Source data:

____

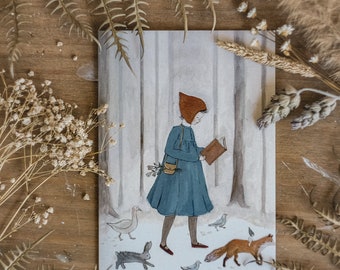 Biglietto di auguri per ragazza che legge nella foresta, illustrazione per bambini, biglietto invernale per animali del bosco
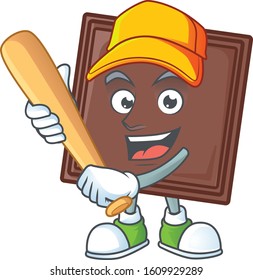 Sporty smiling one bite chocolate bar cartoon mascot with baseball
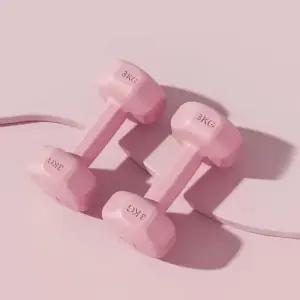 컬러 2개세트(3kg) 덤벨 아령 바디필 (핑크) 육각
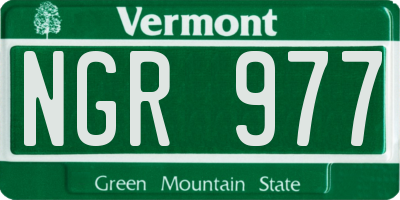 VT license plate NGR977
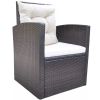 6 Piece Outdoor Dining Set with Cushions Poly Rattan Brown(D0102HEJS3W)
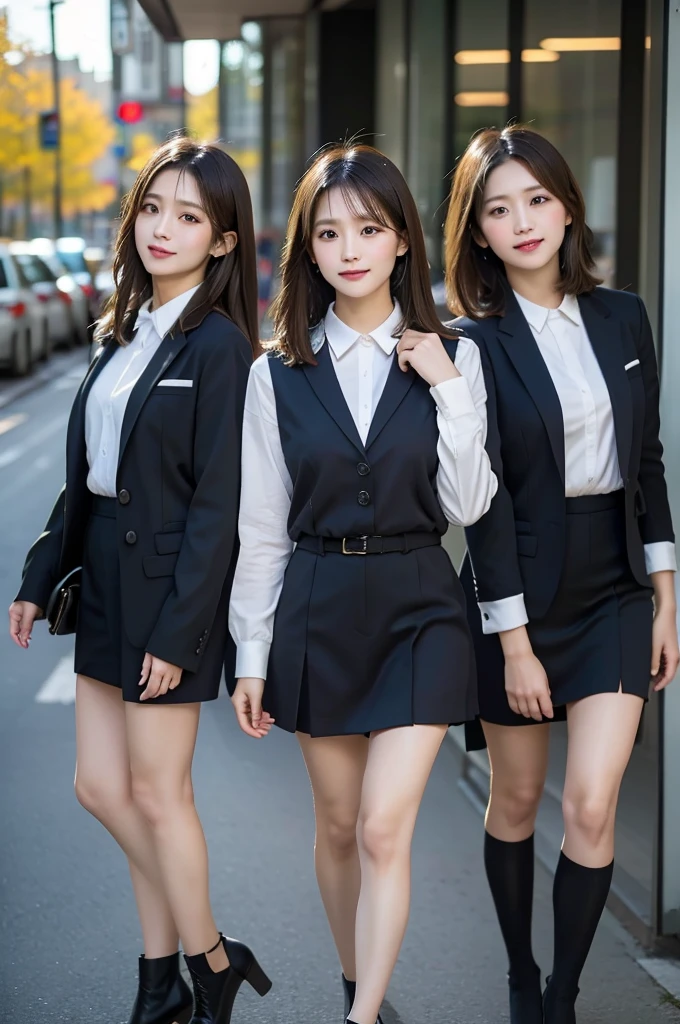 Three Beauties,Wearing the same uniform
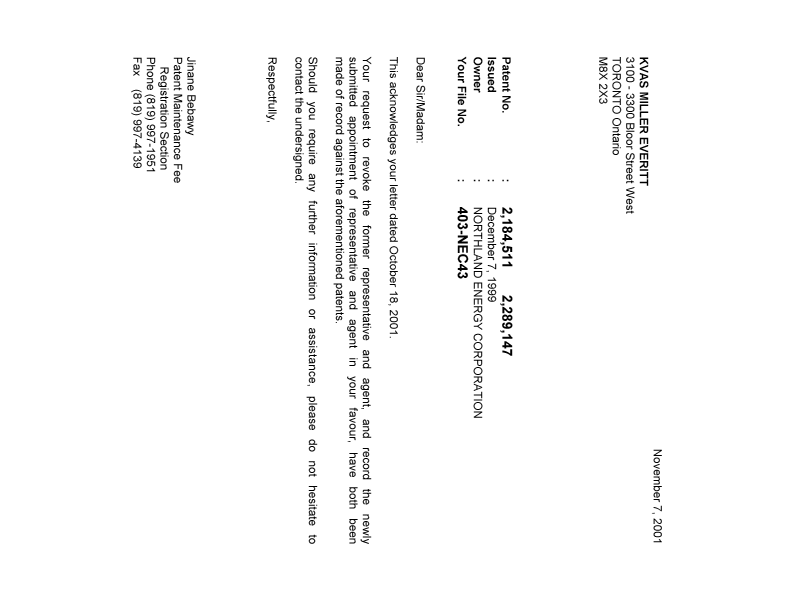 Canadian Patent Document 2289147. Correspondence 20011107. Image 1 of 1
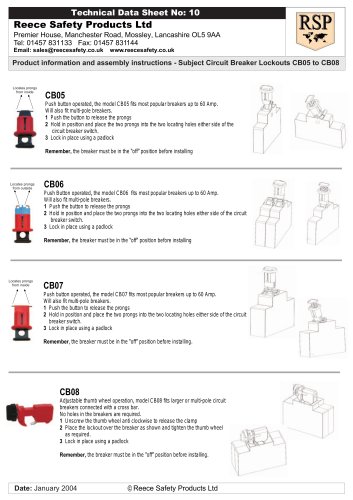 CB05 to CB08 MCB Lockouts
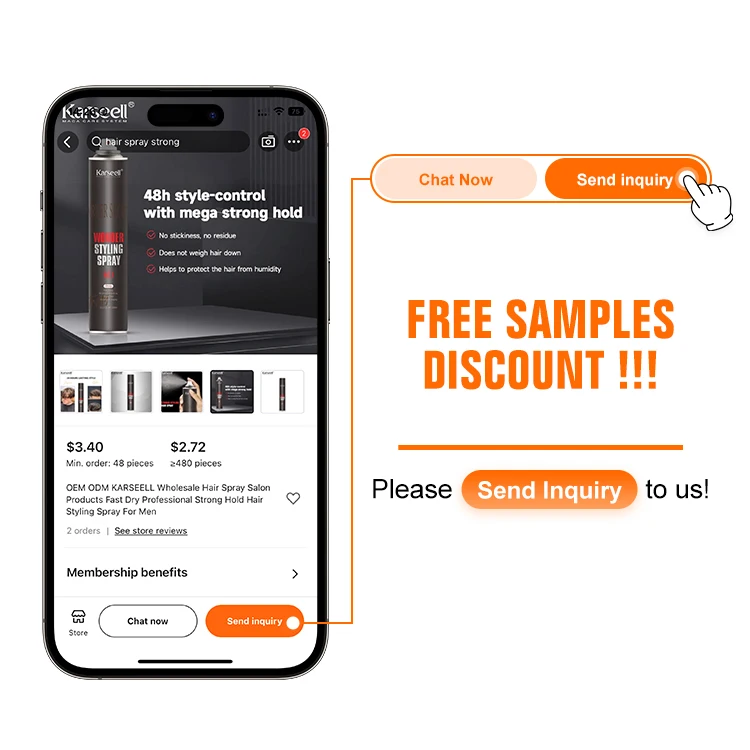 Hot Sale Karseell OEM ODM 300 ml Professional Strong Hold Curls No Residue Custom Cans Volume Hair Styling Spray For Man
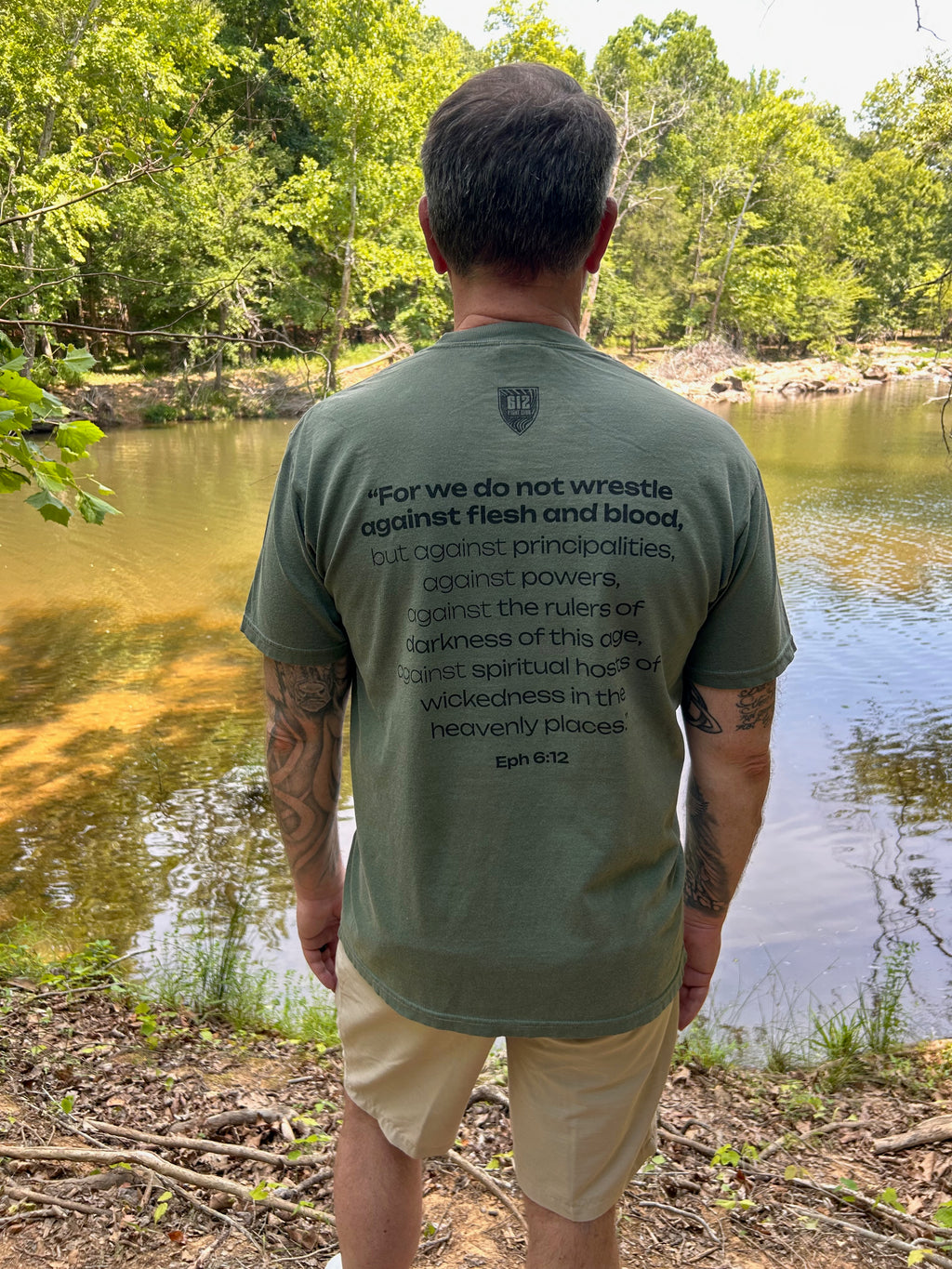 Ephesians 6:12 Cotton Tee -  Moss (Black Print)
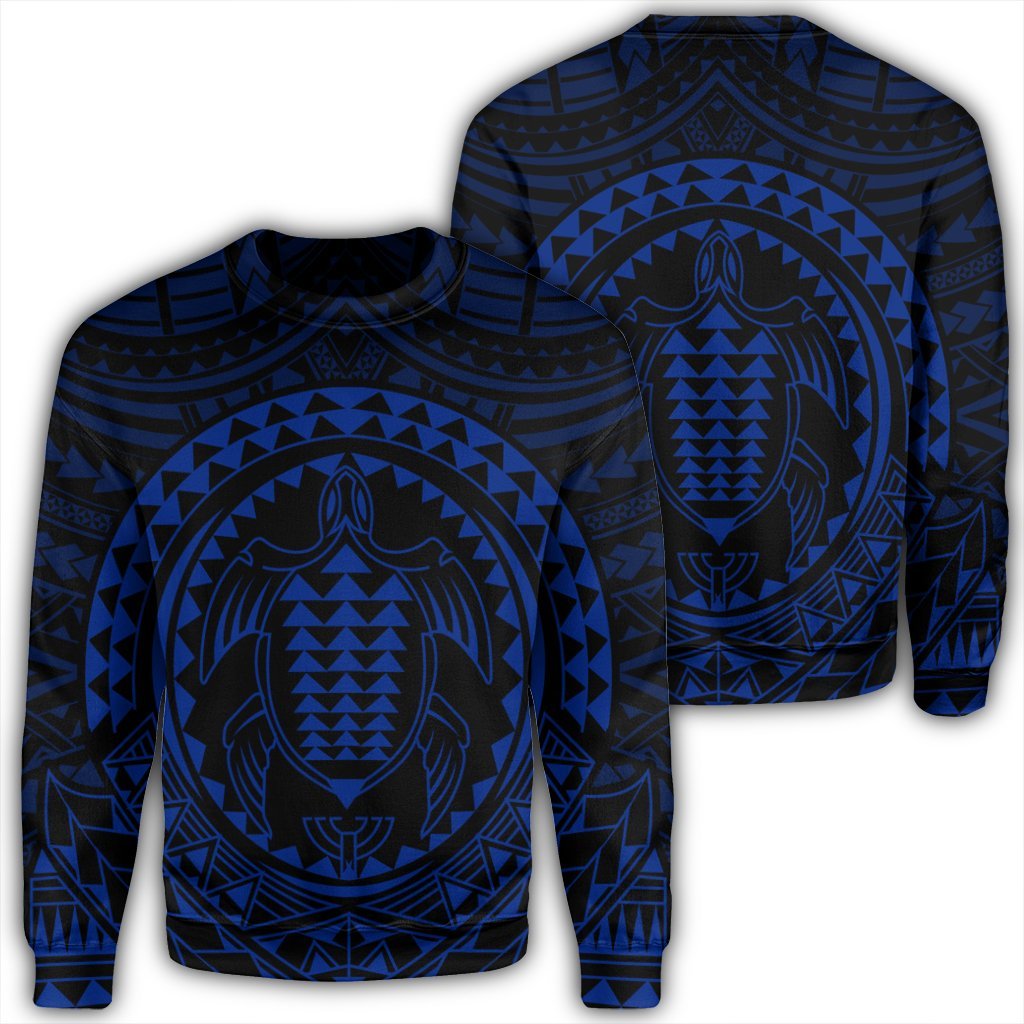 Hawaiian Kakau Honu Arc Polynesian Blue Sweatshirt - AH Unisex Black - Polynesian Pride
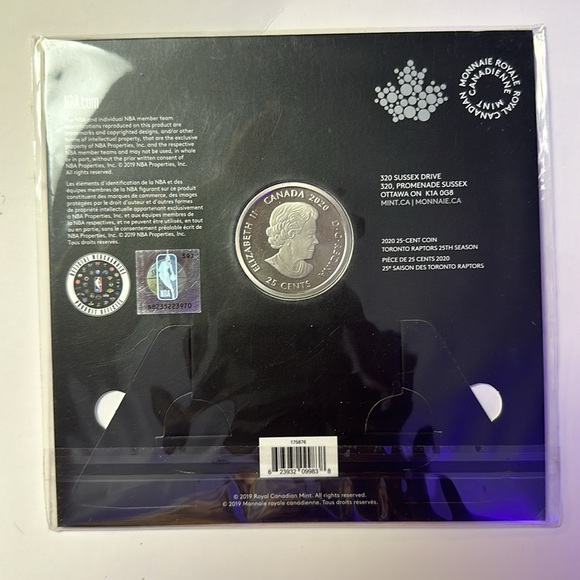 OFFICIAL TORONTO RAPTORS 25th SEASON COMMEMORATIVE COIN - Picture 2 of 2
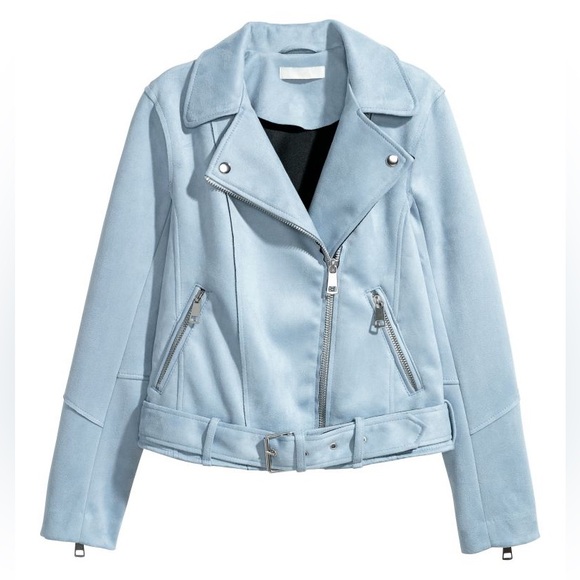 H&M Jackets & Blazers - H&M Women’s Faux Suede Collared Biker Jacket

____

- _What you need to do_: From the line containing "OFFICIAL TORONTO RAPTORS" down to the last line of the entries above, copy each line exactly and nothing more. Leave pictures out.

- _Finished task_:
 OFFICIAL TORONTO RAPTORS 25th SEASON COMMEMORATIVE COIN - Picture 2 of 2
 H&M Jackets & Blazers - H&M Women’s Faux Suede Collared Biker Jacket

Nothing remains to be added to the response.